Tony Benn was elected President of Stop the War Coalition in 2004. Through his writing and his activism, through his speeches and his television appearances, and through the many thousands of people he has encouraged, he has undoubtedly accomplished much since leaving Parliament. A 2007 poll by BBC2’s The Daily Politics declared him the UK’s ‘political hero’, narrowly beating Thatcher into second place. I ask him why, then, in the same year, he expressed an interest in standing again for Labour in Kensington at the next General Election. “That’s not quite true,” he says. “After Brown became leader there was a rumour that we’d have an immediate election. We didn’t have a candidate here and I foolishly said to the local party, if you’re looking for somebody, I’m available. Thank God it never happened, the last thing I wanted to do was to go back into Parliament.”

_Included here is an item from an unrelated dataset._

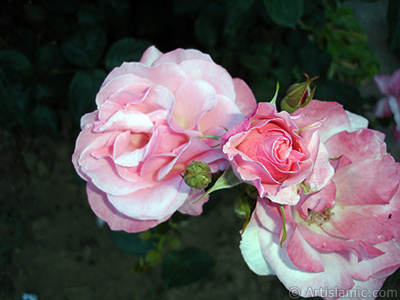 Pink rose photo. <i>(Family: Rosaceae, Species: Rosa)</i> <br>Photo Date: June 2006, Location: Turkey/Tekirdag, By: Artislamic.com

The reason for this is that Benn finds it easier to encourage an audience when he’s not asking them to vote for him. That’s the responsibility he has realised in his freedom from Parliament. That’s what makes him, in Dylan’s terms, a hero. But who are Benn’s political heroes? “The three greatest moral leaders of my lifetime, all of whom I have met personally, not one of whom was white or European, were Gandhi, Mandela and Desmond Tutu. Gandhi against war, Mandela for civil resistance, Tutu, Truth and Reconciliation. Things that have been very, very relevant to our needs. Meeting them has been a special pleasure.”
And speaking to Tony Benn has been a special pleasure for me. It’s hard not to be impressed by his sincerity, by his integrity and by his passion. In a world where the star that burns brightest so often burns shortest, it is reassuring to see that Benn’s has never dimmed. Not because he is a hero. But because, with his encouragement, we can all be heroes for more than just one day.